In some cases, the employee will pay for the administration fees, and other times it will be covered by the employer. The primary reason that an employer chooses to pay an administrator is because of the tax benefits it can provide. Most of the time, an employer will have some degree of contact with an administrator, but employees do not. While 401k administration involves several steps, here is the general breakdown of the services offered.

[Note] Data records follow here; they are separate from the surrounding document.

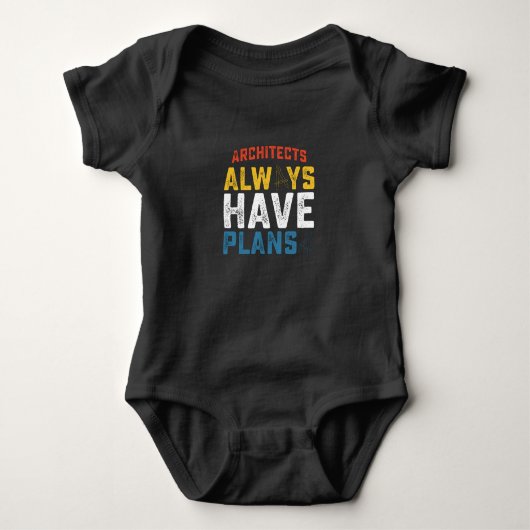 Architects Always Have Plans Romper (Voorkant)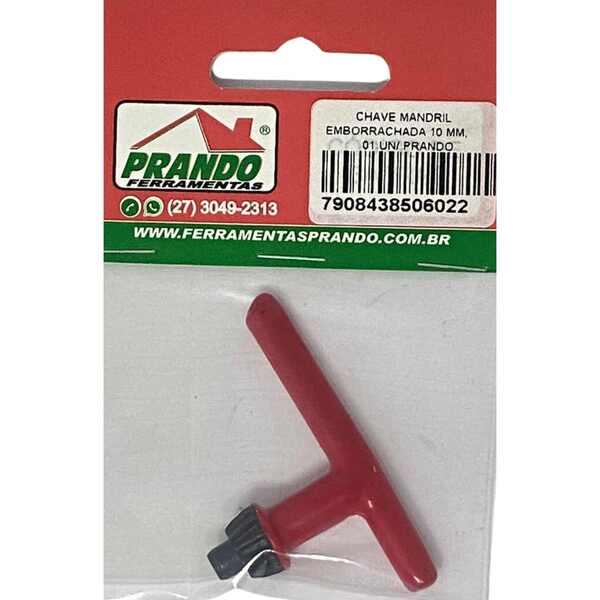Chave Mandril Emborrachada 10 Mm Prando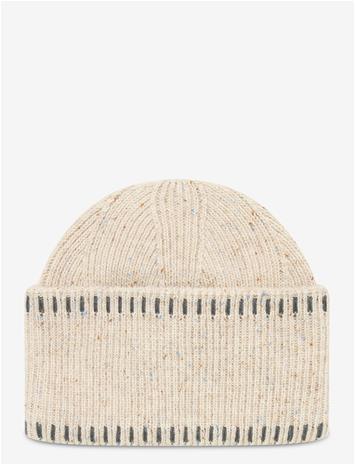 UPFRONT Anchor Beanie - LIGHT BROWN - One Size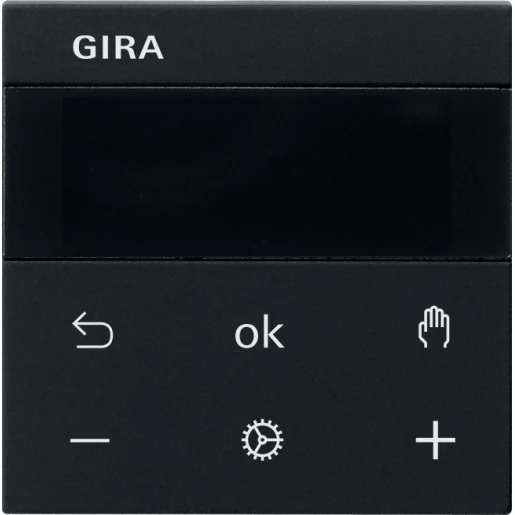 Gira System 55 3000 ruimtetemperatuurregelaar Bluetooth enkelvoudig Mat zwart 5394005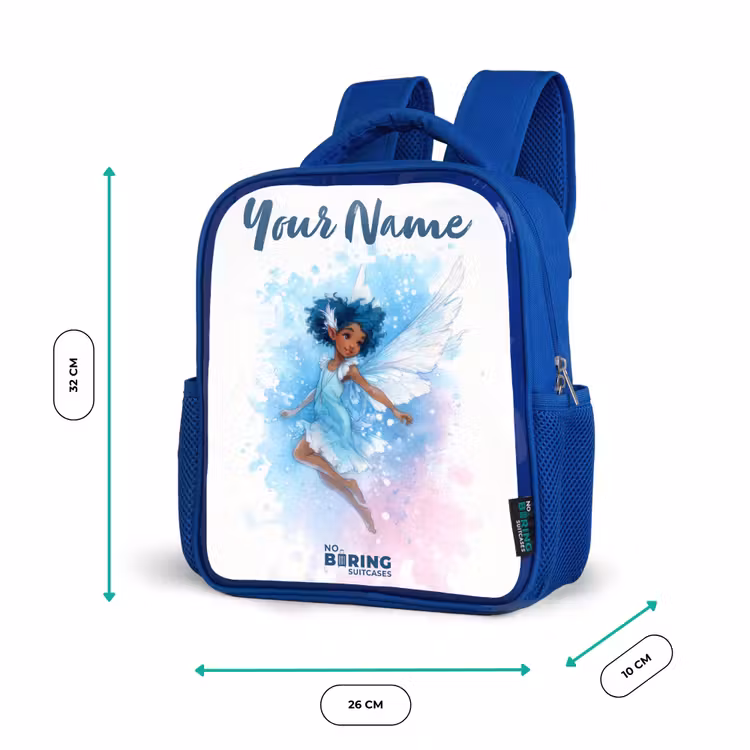 Kids backpack - Blue - Flying fairy in shades of blue — 6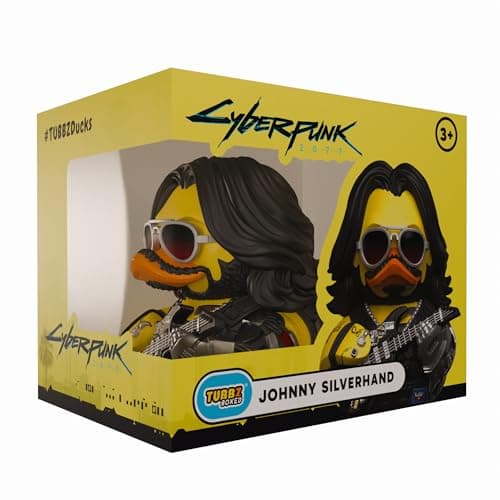 Image of TUBBZ Boxed Edition: Cyberpunk 2077 - Johnny Silverhand Cosplaying Rubber Duck Vinyl Figure – Official Collectible for Fans of Cyberpunk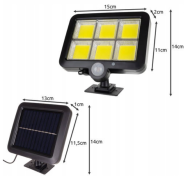 Solarne oświetlenie zewnętrzne Izoxis 120 COB LED + pilot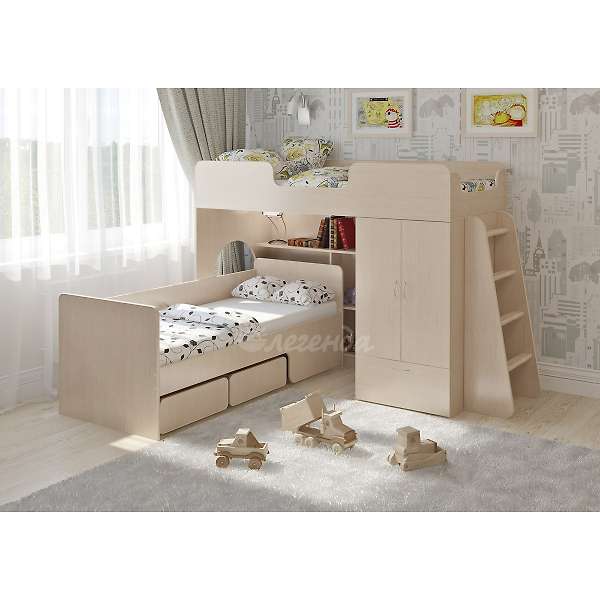 Купить кровать двухъярусная легенда 3.11 - 27 990 ₽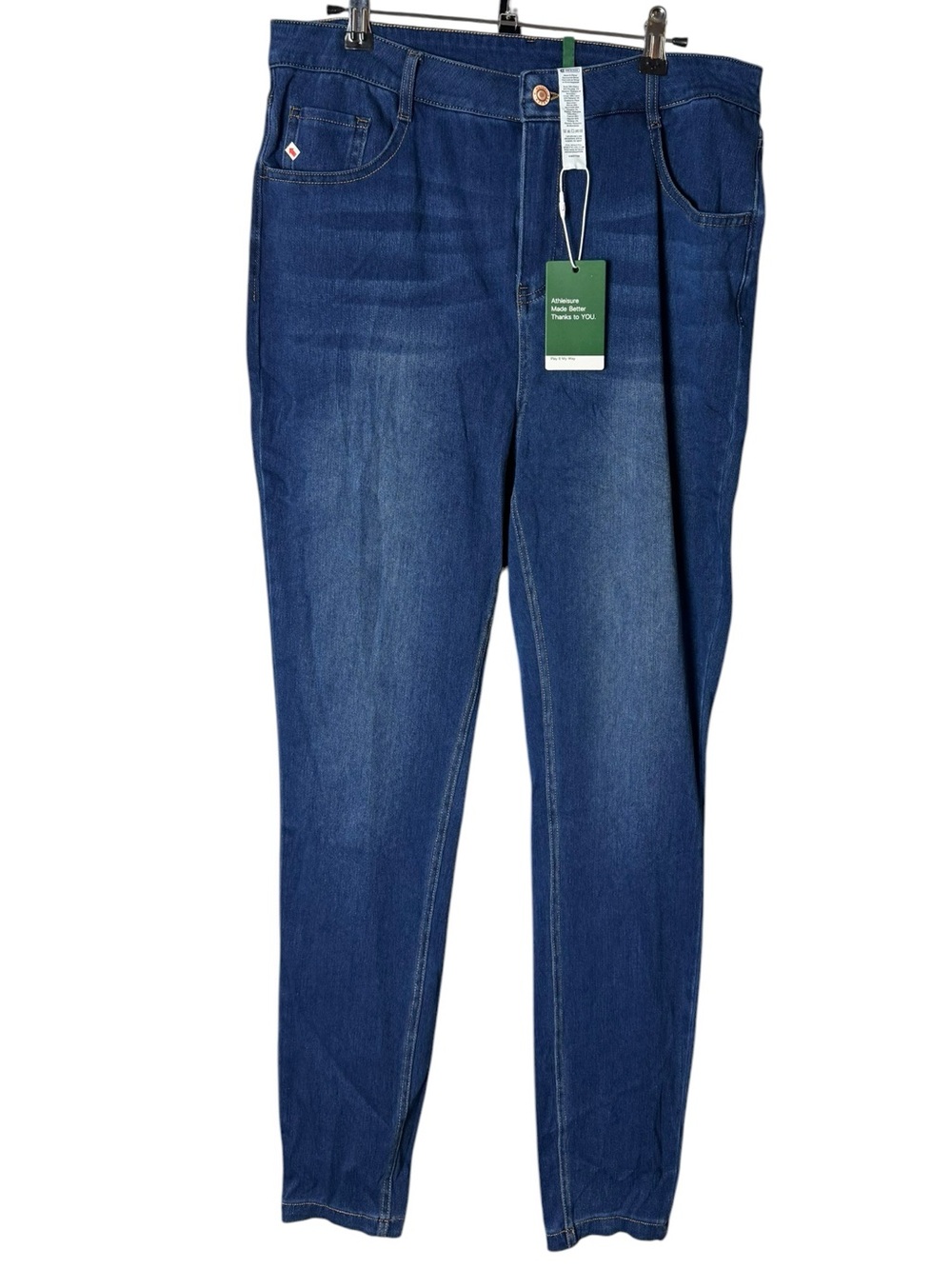 Halara Flex Denim Skinny Pants High Waisted Dark Blue Wash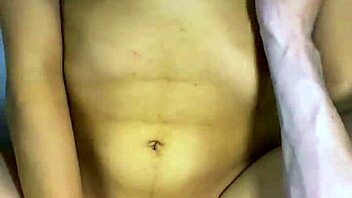 cheating teen girlfriend and friend laugh kiss in kitchen creampie fun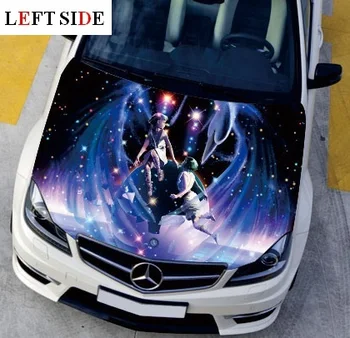 

LEFT SIDE Car Stickers HD Inkjet Dream Styling Decal Decor Carbon Vinyl Cover Waterproof Fresh High-definition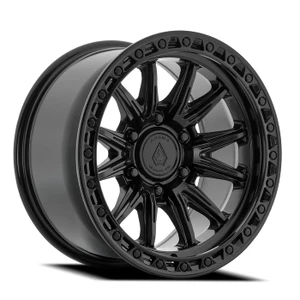 Arena A132 Blitz Wheels Rims 17x9 6x139.7 Satin Black W/ Gloss Black Lip 0mm | A132179084P00004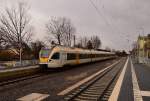 RE13 nach Venlo alias ET 7.07 der Eurobahn durchfährt Kleinenbroich in Richtung Mönchengladbach.3.3.2015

Consulting and Creating a 401k Plan

Because of the flexibility of a 401k plan, it’s necessary for an administrator to consult an employer to identify their specific needs. Some things that might be discussed include:

  • Who will be allowed to participate (e.g. individuals 21 years of age or older, full-time employees, etc.)
  • Whether the employer will contribute, and if so how much
  • Contribution limits
  • Arranging a trust for holding contributions

An administrator will then establish an appropriate plan while keeping in mind regulations. They will also need to develop a plan of action in case things don’t go as anticipated and problems arise.


Compliance Monitoring

Once a 401k plan has been set in place, it’s mandatory that the rules be followed. Otherwise, it could result in legal problems and tax issues, which isn’t good for anyone. Because of the ever-changing laws, it’s not all that hard for mistakes to be made, so an administrator will keep tabs on plan development on an ongoing basis. They will ensure that both the employer and employees are adhering to the guidelines and take into account any changes to laws. In some cases, they will make updates to a plan to ensure compliance.


Transaction Monitoring

An additional element of administration is consistently checking that contributions, loans and any other transactions are compliant with a 401k plan. The administer will be responsible for authorizing these transactions and making sure that there is no questionable behavior.

In many cases, it’s a good idea to offer this type of retirement plan because it’s an effective recruiting tool and can make employees more loyal. Although 401k administration can seem somewhat overwhelming, it should become easier to understand once you get a grasp of the basic concept.